The lamps were sent as gifts to the city of Berlin from various places in Europe, but I couldn’t help speculating about where the idea came from. I mean, if I wanted to send a gift to a broken, bombed out, hungry city, an ornamental street lamp isn’t the first accessory that would spring to mind. Or is this just another example of how out of kilter my mind is with the rest of the world? And did they uproot the lamp and plug the hole with a plaque to commemorate their generous donation to Hitler’s decimated capital? I suppose I should look it up, but I won’t.
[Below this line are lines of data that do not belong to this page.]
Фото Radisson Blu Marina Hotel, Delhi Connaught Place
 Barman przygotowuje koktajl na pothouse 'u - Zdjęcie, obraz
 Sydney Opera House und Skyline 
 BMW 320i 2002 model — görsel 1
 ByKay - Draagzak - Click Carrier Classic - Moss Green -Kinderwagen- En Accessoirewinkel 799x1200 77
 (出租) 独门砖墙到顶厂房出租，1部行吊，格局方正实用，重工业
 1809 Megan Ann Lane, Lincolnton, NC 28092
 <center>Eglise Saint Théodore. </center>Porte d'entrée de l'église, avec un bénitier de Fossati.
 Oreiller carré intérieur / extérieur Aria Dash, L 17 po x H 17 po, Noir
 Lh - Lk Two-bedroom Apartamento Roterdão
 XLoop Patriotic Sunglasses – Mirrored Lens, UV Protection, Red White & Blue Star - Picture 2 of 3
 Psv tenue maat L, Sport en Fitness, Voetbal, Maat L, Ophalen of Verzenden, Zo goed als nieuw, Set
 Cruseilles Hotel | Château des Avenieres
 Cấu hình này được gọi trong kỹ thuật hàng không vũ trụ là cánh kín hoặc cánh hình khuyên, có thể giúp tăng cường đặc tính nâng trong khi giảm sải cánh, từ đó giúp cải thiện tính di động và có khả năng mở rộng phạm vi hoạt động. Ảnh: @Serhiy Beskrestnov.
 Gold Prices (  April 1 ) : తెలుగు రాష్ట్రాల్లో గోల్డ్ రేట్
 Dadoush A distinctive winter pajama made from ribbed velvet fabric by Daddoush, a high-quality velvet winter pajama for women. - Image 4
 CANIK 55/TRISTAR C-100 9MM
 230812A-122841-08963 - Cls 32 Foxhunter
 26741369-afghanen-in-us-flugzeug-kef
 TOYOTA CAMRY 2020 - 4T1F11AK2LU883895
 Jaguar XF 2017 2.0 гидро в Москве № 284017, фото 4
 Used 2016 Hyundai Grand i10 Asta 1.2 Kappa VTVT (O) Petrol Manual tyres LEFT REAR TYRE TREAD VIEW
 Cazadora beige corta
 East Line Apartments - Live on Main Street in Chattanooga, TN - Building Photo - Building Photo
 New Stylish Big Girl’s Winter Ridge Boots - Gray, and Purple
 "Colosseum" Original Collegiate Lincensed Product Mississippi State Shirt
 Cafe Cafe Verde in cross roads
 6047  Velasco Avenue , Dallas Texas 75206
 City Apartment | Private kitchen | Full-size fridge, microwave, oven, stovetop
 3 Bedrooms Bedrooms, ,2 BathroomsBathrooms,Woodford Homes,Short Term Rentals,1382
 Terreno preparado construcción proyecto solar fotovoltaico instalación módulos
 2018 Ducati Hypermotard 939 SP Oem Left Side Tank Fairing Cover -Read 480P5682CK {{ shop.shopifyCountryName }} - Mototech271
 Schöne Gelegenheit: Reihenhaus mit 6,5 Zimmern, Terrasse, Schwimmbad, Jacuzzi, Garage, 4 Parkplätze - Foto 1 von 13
Autumn is the best time for scrumptious homemade soup, but I’m crap at soup making. According to my Ayurvedic cooking guru, Miriam Kasin Hospodar, Ludwig van Beethoven wrote, “Only the pure of heart can make a good soup.” It’s not a quotation I’d ever come across before, despite four years at music college… It may explain, though, why I am such a dead loss at soup-making, and Andreas is such a dab hand. His pumpkin soup is divine.

For one litre of soup:
600 grammes of pureed cooked pumpkin (Andreas swears by the small, orange Hokkaidokürbis (Jap. kuri-kabocha)
500 ml of milk (Andreas uses cow’s milk, but use whatever your digestion can cope with, dairy or otherwise; creamy goat’s milk makes it very rich indeed)
¼ teaspoon ground ginger (you can use fresh if you prefer)
2 tablespoons of ghee or butter

Miriam adds 1½ tablespoons of raw sugar to her recipe, but our anti-sugar conditioning is now so engrained that neither of us have been able to bring ourselves to try it.

Combine the pumpkin, milk and ginger in a blender. Pour into a medium saucepan. Add the ghee or butter and heat up until just about to boil. Add salt to taste.

Miriam’s variation is to omit the ginger and add instead about a teaspoon of curry powder. If you try it, let me know how it turns out. I should add that even though I followed this recipe to the letter, the result was questionable, so beware, old Ludwig may have a point. A ‘pure heart’ might well be the essential ingredient.